So, on February 3rd, I returned to the school building. This might sound silly from a woman pushing fifty, but February 2nd is my birthday. After eleven months of no in person teaching, did I really have to be at work at seven o'clock in the morning the following day, wearing hard pants and shoes? Couldn't they have picked SOME OTHER DAY?
I have been assigned a new trailer. I wasn't happy about that, either. I know that beggars can't be choosers and that last year was the first time in years that I had had my own classroom, but jesus, it took nearly a week to clean out the last one and I really wasn't looking forward to doing that again. Only to be moved a few months later, I assume, and continue to clean up the filthy school one room at a time.

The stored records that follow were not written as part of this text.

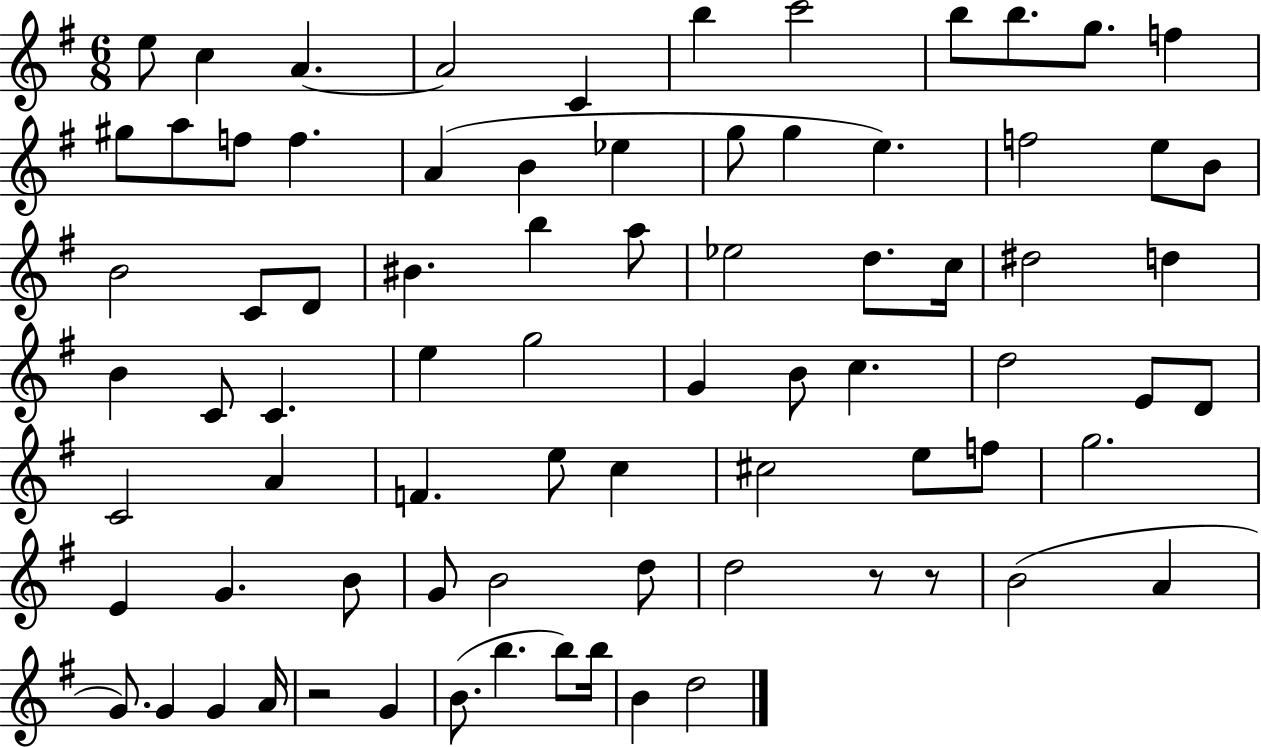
E5/e C5/q A4/q. A4/h C4/q B5/q C6/h B5/e B5/e. G5/e. F5/q G#5/e A5/e F5/e F5/q. A4/q B4/q Eb5/q G5/e G5/q E5/q. F5/h E5/e B4/e B4/h C4/e D4/e BIS4/q. B5/q A5/e Eb5/h D5/e. C5/s D#5/h D5/q B4/q C4/e C4/q. E5/q G5/h G4/q B4/e C5/q. D5/h E4/e D4/e C4/h A4/q F4/q. E5/e C5/q C#5/h E5/e F5/e G5/h. E4/q G4/q. B4/e G4/e B4/h D5/e D5/h R/e R/e B4/h A4/q G4/e. G4/q G4/q A4/s R/h G4/q B4/e. B5/q. B5/e B5/s B4/q D5/h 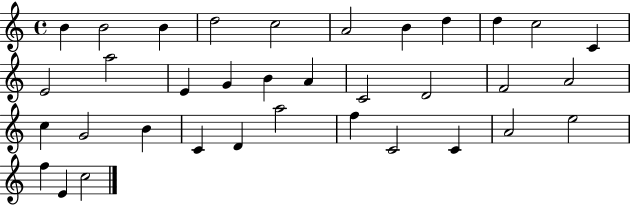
B4/q B4/h B4/q D5/h C5/h A4/h B4/q D5/q D5/q C5/h C4/q E4/h A5/h E4/q G4/q B4/q A4/q C4/h D4/h F4/h A4/h C5/q G4/h B4/q C4/q D4/q A5/h F5/q C4/h C4/q A4/h E5/h F5/q E4/q C5/h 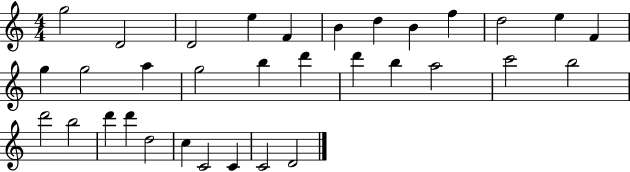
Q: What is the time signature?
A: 4/4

I parked the car and walked into the lobby of the school, as instructed, pulled my phone out and clocked in, then walked back to the parking lot and moved our car to the parking lot next to the new trailer. It's a double-wide and I have the back half. I really liked my single-wide, no sharing walls with neighbors, I found myself thinking as I walked up to the new one, while gazing at the old one. I opened the door.
There was shit everywhere. Shelves and drawers full of materials, boxes, papers, old textbooks. The board still had random stuff written on it from last March. The marker had become nearly permanent. There were about thirty desks and chairs piled up against the walls, limiting the space that anyone could even move around in. It has carpet. Carpet is dirty by nature and I knew that in my single-wide no one ever did the floor, so I brought a broom and did it myself. Bring a vacuum is more complicated. It was filthy. There were dead roaches and hornets everywhere. Rocks and dust and broken crayons, ground into the carpet. Black weird cockroach dust all over the carpet and the windowsills. The blinds were covered in filth. I carefully set my arms full of stuff down, not even sure where I would want to put it. Then, I looked at the COVID "sanitation station" that we had been told would be ready and waiting as soon as we returned to the buildings. There were two rags, a container of wipes that I wasn't sure if were for surface or human use, some half used rolls of toilet paper and a can of air freshener from Dollar Tree. It was half empty.
I stood there in disbelief and I thought long and hard about getting back in the car and simply driving away.